Only now we learn that `bar` (which can live in a diferent TU) should get transformed as well because it calls to unsafe function `foo`. But our analysis still won't see that `baz` will eventually have to be transformed too and it'll take another iteration.


================
Comment at: clang/docs/SafeBuffers.rst:352
+
+  - The compatibility overload contains a ``__placeholder__`` which needs
+    to be populated manually. In this case ``size`` is a good candidate.
----------------
aaron.ballman wrote:
> xazax.hun wrote:
> > Just a small concern. While users are not allowed to use identifiers like this, there is always a chance someone has a global variable of this name and the code ends up compiling. So, if we want to be absolutely safe, we should either have logic to pick a unique name, or not generate fixits in that case. Although, this is probably rare enough that we could just hand-wave.

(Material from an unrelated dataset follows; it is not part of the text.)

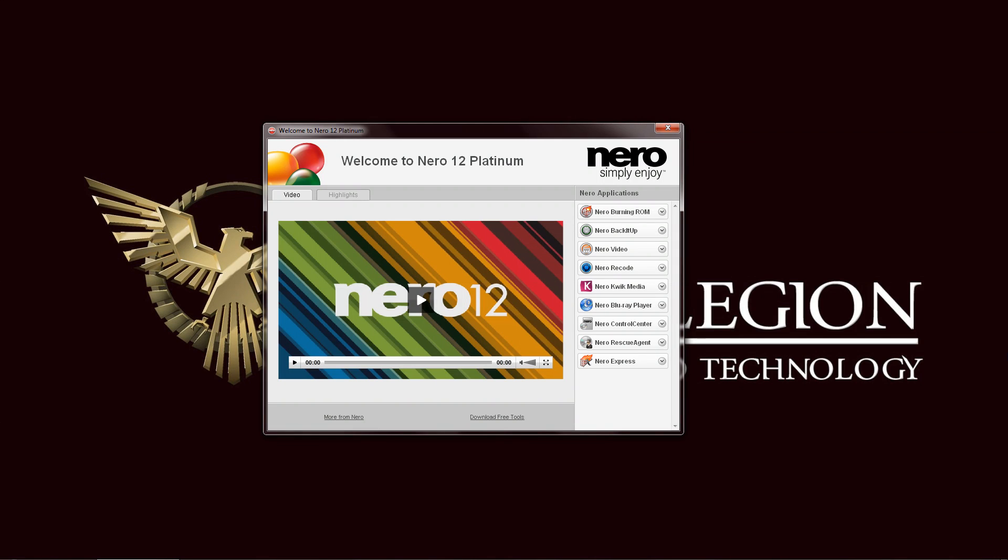Hello everyone, this is Ron from Hitech Legion and this is part of our review of the Nero 12 Platinum software. Here is the main screen where you can launch your applications. As you can see on the right side, you have your list of Nero applications, and here on the left side is basically just an overview of what Nero 12 can do in video form.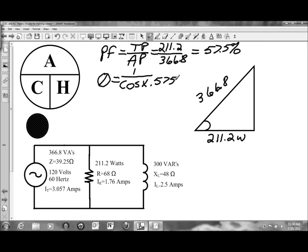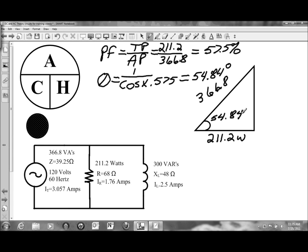You can do these two answers in one step on your calculator. Divide 211.2 by 366.8 to get your power factor. Without clearing that number, hit second function cosine, which brings up the inverse cosine, then hit second function answer, and it will automatically input that 0.575 and all of its digits. Angle theta in this specific circuit is 54.84 degrees. That solves for power factor and angle theta in a parallel RL circuit.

> Agreed; we should not have a fixit that suggests use of a reserved identifier.
Our thinking is to actually use syntactically incorrect placeholder to make sure that users can't accidentally miss it.
This is related to:
https://reviews.llvm.org/D136811#inline-1324542


================
Comment at: clang/docs/SafeBuffers.rst:354-357
+  - Despite accepting a ``std::span`` which carries size information,
+    the fixed function still accepts ``size`` separately. It can be removed
+    manually, or it can be preserved, if ``size`` and ``buf.size()``
+    actually need to be different in your case.
----------------
xazax.hun wrote:
> I see this part a bit confusing. While it is true that we cannot be sure whether the size is actually the size of the buffer, I wonder if we should at least generate something to call it out the user has further action items. It could be a `/*revise me*/` comment after the size, or documentation, both, or something else. 
We have accepted that our analysis will have some limits. In situations where we have a reasonable suspicion that a certain parameter has the semantics of size we can somehow communicate that to the user. But it is very likely that in some cases the analysis won't be able to tell even that.